JSON.parse: expected property name or '}'

If I remove JSON.parse() I get a list of li elements but with Undefined as values and the number of them doesn't match expected either:

<li id="Undefined">Undefined</> <!-- Repeated a number of times equal to char lengh of div html -->

Please be aware, if the above has not already told you, that I am trying to iterate over my list and extract the information from each dict.

I also tried JSON.stringify() on the data before parsing it but that only seems to convert the data into a string, Looking like this when I step through:

"[{'text': 'org1', 'id': 'org1ID'}, {'text': 'org2', 'id': 'org2ID'}, {'text': 'org3', 'id': 'org3ID'}]" <!-- The difference is that double qoutes have been injected. -->

To make matters even more irritating, for me at least, is that if I actually hard code the associative array part of this data (as Javascript would see it) then it works correctly. However, in order to do this I have to compromise a lot of the flexibility of my current design. The most prominent drawback, aside from more client-side processing, is the inability to just pass my data structure back from the server.

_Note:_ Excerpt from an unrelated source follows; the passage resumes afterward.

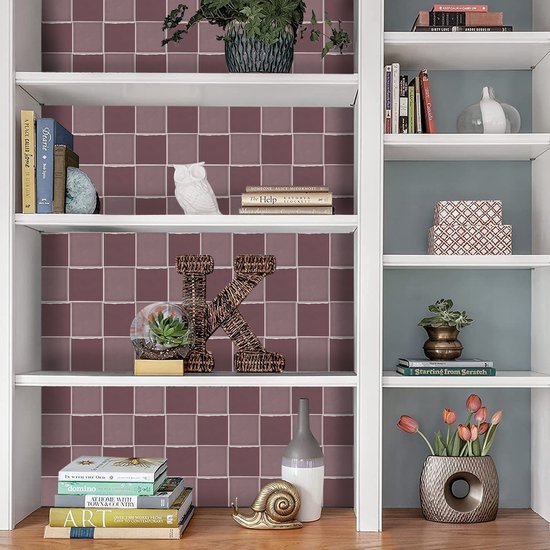 Étagère remplie de livres et de décorations, les fonds des étagères étant recouverts de carreaux carrés violet lilas.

Can anyone out there offer some insight, or perhaps a solution I may have overlooked? Is this a common gotcha with working with JSON in js?

UPDATE

I have discovered that the reason why hard coding works differently is that either python or Jinja2 is converting my data structure to use single quotes instead of double, but entering it on the client bypasses python. At this point, I believe it's python as stepping through on eclipse shows a single quoted list of dicts.

Upvotes: 0

Views: 2907

Answers (1)

Mike Brant
Mike Brant

Reputation: 71384

A valid JSON string directly represents a javascript array/object and doesn't require any parsing at all. Just output this directly to a javascript variable inside script tags:

<script>
var json_array = [{'text': 'org1', 'id': 'org1ID'}, 
    {'text': 'org2', 'id': 'org2ID'}, 
    {'text': 'org3', 'id': 'org3ID'}];
</script>

Your data will automatically be in a javascript array, no need to parse.